ツクヨミ

スウィート・シングのツクヨミのレビュー・感想・評価

スウィート・シング(2020年製作の映画)
3.8
苦しい現実社会から逃れたい子どもたち。
母親が家出父親が飲んだくれの両親を持つビリーとニコは貧しくも少し楽しい日々を送っていたが、父親が逮捕された日から彼ら姉弟は自由を夢見る…

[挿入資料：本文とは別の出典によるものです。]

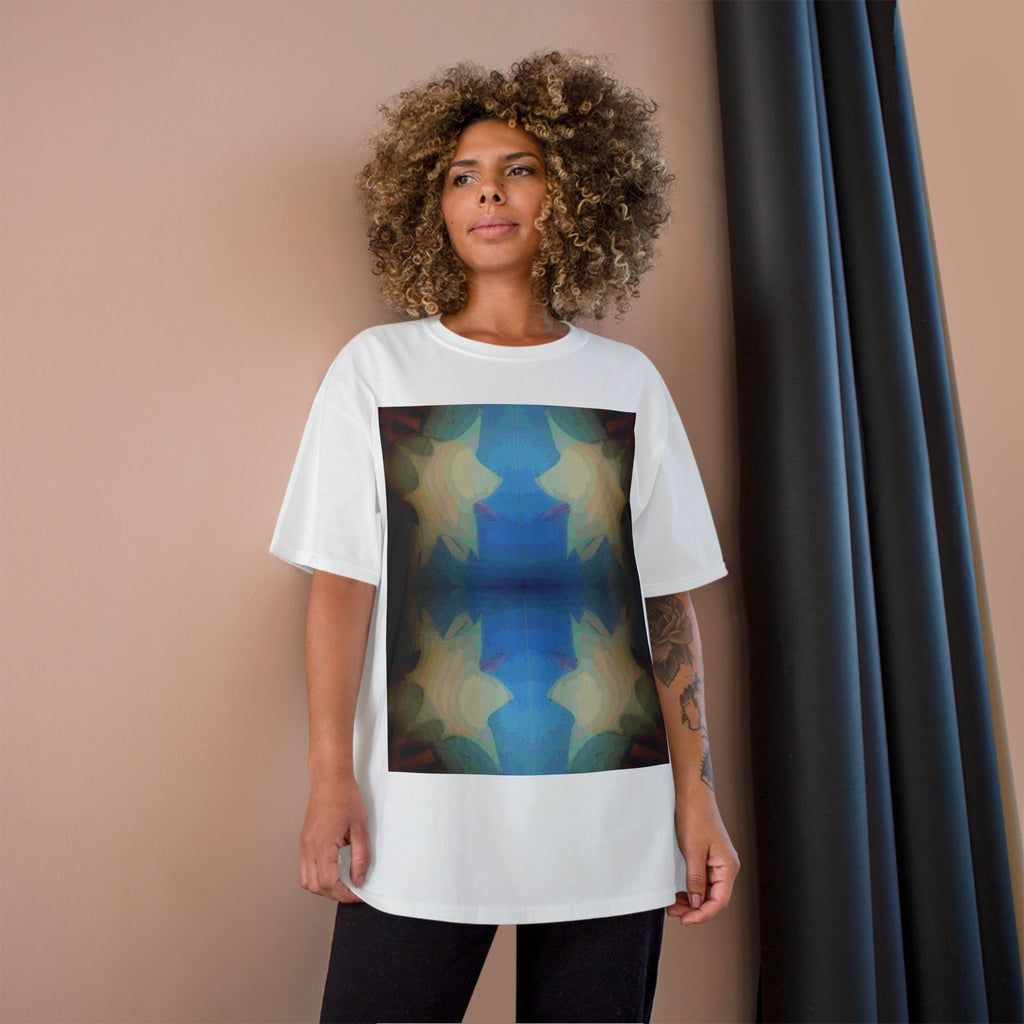 Abstract Blue Floral T-Shirt — Symmetrical Kaleidoscope Art Tee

アレクサンダー・ロックウェル監督作品。ジム・ジャームッシュ監督と並んでアメリカインディーズのアイコンとして評されるロックウェル監督、たしかに本作はインディーズ風の作風を持つが溢れる情熱が眩しい作品だった。子どもたち主観で見ていく貧しくも楽しい日々が時にキラキラと輝く様が主な要員であるが、苦しい現実社会からの逃避という要素が楽しく遊ぶ子どもたちを際立たせている。
また今作は全編ほぼ白黒映画である。ほぼというのは稀にカラーで映した映像が挿入されるためであるが、このちょい見せカラーの出し方が実に美しくキラキラしていた。主人公ビリーのイマジナリーフレンドであるビリー・ホリデイの妄想シークエンスだったり、ビリーが海に潜ると白黒だったのがカラーになったりと、楽しいシーンや子どもたちにとって感情的にグッドな要素になるとカラーになるという表現がとても魅力的で美しい。子どもたちにとって苦しかったり現実社会を感じさせる日常が全編白黒で撮られているのが更に拍車をかけてカラーを際立たせていた。また監督も言っていたが全編手持ちカメラでの撮影というのも好み。
またバックミュージックとしてビリー・ホリデイのジャズやアメリカンカントリーが流れる選曲もすごく映像にマッチしていて良かった。全体的に苦しい現実が見えるがそんな社会でも楽しく自由に生きようとする子どもたちがキラキラ輝いていた。やっぱり子ども主観の映画っていいなと再確認。